Mesmo não tendo jogado The Escapists no lançamento e fervor da sua chegada, com a interessante premissa em dar liberdade em criar sua própria fuga de uma prisão, sempre tive vontade de criar a minha própria narrativa e usar as mecânicas que o jogo fornece para recriar ou imitar os clássicos do cinema. Um Sonho de Liberdade, Alcatraz – Fuga Impossível, A Fortaleza e até o recente Rota de Fuga estavam em minha mente prontos para serem protagonizados por mim quando descobri que The Escapists 2 seria lançado e eu teria a oportunidade de experimenta-lo. O sonho doce da minha imaginação com o gosto amargo da realidade acabou traindo a expectativa e levando a experiência para algo que oferece muitas possibilidades ao mesmo tempo em que não nos deixa experimentar tudo aquilo que está em nosso alcance.

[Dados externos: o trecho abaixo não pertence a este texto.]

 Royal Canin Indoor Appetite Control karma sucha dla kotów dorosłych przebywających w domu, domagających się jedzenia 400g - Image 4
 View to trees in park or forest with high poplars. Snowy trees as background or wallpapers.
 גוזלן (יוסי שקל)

The Escapists 2, desenvolvido pelo Mouldy Toof Studios, evolui diversos pontos apresentados pelo primeiro jogo, em uma promessa de melhorias, porém acaba se tornando uma grande “redação com tema livre”. Sabe quando você precisa entregar um trabalho de escola e os professores resolvem deixar sob nossa responsabilidade o que queremos desenvolver? É exatamente desse mal que esse lançamento sofre: possibilitar a escolha de construir qualquer coisa e ao mesmo tempo não fazermos nada. Como já dizia o ditado: quem muito quer nada tem; esse é um bom exemplo de como um jogo sandbox, que consegue oferecer diversas mecânicas e missões paralelas, acaba nos afastando do objetivo principal.
Orange is the new black
Ao todo são 10 fases com diversas missões, dentre elas três são as principais e que configuram diferentes maneiras de fugir da prisão. Cada uma delas possui sua própria jogabilidade (falaremos mais tarde sobre isso), level design e customização entre os diversos temas usados; diferente do primeiro jogo que ficava refém das prisões tradicionais, os responsáveis por desenvolverem essa sequência conseguiram diversificar a maneira como jogamos e a temática para cada uma das detenções de segurança máxima.

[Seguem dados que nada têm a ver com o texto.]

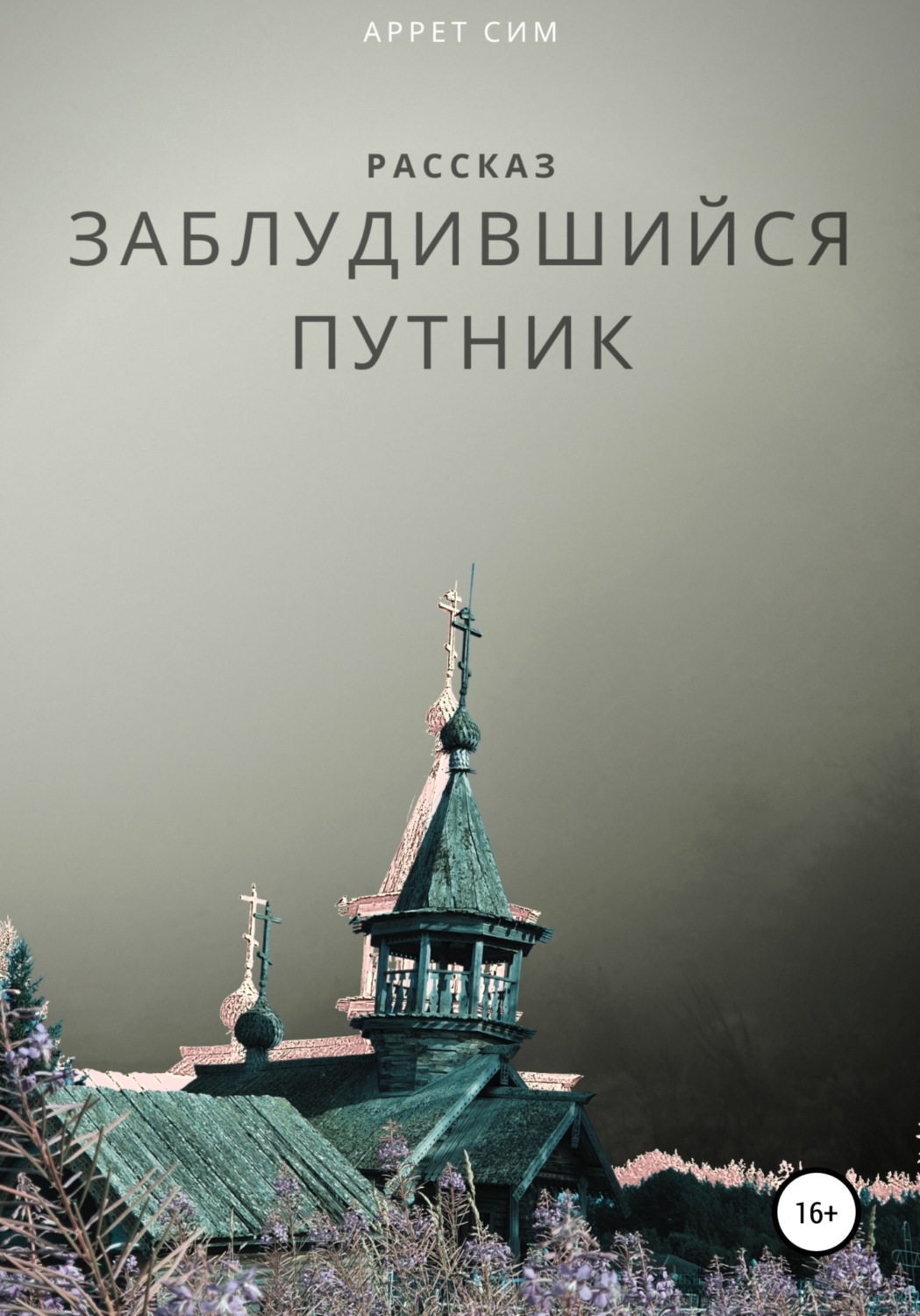 Обложка книги «Заблудившийся путник»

Depois de um ótimo tutorial, que aborda de maneira simples e rápida as principais mecânicas, você tem a opção de ir do mais tradicional, com fortaleza de concreto e metal, aos mais excêntricos; você poderá fugir de uma prisão que parece ter saído dos filmes de velho oeste, um trem, avião e navio que transportam presidiários, e o mais incrível (e desafiador), que é escapar de uma prisão espacial. Tudo na tentativa de quebrar a monotonia e desafiar os jogadores a algo novo a cada nova fase.00
E a história? Bem, isso você será o responsável por construir. Cada prisão possui sua própria micro narrativa, com pouquíssimas informações e o mínimo para contextualizar e introduzir cada fuga a ser realizada. A breve introdução serve para um rápido vislumbre do cenário em que tudo se desenrolará, além de mostrar pelo menos uma das saídas possíveis.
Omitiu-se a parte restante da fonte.